AVAILABLE DATA:
● ● ● ●

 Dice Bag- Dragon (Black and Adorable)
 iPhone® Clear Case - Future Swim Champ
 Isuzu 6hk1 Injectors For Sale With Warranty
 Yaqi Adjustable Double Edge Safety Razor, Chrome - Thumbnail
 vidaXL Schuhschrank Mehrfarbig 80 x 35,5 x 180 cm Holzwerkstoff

● ● ● ●

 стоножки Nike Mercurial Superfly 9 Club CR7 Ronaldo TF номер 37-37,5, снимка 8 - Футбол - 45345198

● ● ● ●

TASK GOAL: In the entries above, the lines from the one bearing "Isuzu 6hk1 Injectors For Sale With Warranty" up to and including the one bearing "vidaXL Schuhschrank Mehrfarbig" should be transcribed exactly; no other line is wanted.

WRITTEN SOLUTION:
 Isuzu 6hk1 Injectors For Sale With Warranty
 Yaqi Adjustable Double Edge Safety Razor, Chrome - Thumbnail
 vidaXL Schuhschrank Mehrfarbig 80 x 35,5 x 180 cm Holzwerkstoff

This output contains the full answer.